A compound pipe is required to be replaced by a new pipe. The two pipes are said to be equivalent, if- a)Length of both the pipes is same
- b) Diameter of both the pipes is same
- c)Loss of head and discharge of both the pipes is same
- d) Loss of head and velocity of flow in both the pipes is same
Correct answer is option 'C'. Can you explain this answer?

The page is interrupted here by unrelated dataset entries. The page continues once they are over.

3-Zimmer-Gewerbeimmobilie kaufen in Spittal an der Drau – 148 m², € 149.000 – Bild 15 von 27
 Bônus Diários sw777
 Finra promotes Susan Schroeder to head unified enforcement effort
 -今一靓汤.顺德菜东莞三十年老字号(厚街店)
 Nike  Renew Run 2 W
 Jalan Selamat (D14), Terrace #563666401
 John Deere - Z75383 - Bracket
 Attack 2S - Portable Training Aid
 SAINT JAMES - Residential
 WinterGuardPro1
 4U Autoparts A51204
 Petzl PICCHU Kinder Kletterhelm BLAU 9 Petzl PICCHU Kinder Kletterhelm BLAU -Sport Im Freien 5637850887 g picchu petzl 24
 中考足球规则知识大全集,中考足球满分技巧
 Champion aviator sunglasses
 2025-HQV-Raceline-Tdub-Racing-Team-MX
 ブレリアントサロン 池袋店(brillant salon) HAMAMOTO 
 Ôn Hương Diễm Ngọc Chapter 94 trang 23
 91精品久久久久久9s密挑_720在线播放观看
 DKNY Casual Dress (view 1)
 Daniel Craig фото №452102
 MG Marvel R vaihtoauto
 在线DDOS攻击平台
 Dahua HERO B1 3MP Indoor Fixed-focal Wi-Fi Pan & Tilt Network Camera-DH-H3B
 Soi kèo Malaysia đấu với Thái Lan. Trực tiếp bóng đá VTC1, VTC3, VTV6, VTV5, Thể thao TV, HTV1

A compound pipe is required to be replaced by a new pipe. The two pipes are said to be equivalent, if
a)
Length of both the pipes is same
b)
Diameter of both the pipes is same
c)
Loss of head and discharge of both the pipes is same
d)
Loss of head and velocity of flow in both the pipes is same
|
Vaibhav Khanna answered |
Equivalent Pipes in Fluid Mechanics
Introduction:
In fluid mechanics, the concept of equivalent pipes is used to compare two pipes based on their hydraulic characteristics. The two pipes are said to be equivalent when they have the same head loss and discharge.
Factors to consider:
To determine the equivalence of two pipes, several factors are considered. These include:
- Length of the pipes
- Diameter of the pipes
- Loss of head in the pipes
- Discharge of the pipes
- Velocity of flow in the pipes
Criteria for equivalence:
Based on the above factors, the following criteria are used to determine the equivalence of two pipes:
- Length of the pipes: If the lengths of the two pipes are the same, they are considered equivalent.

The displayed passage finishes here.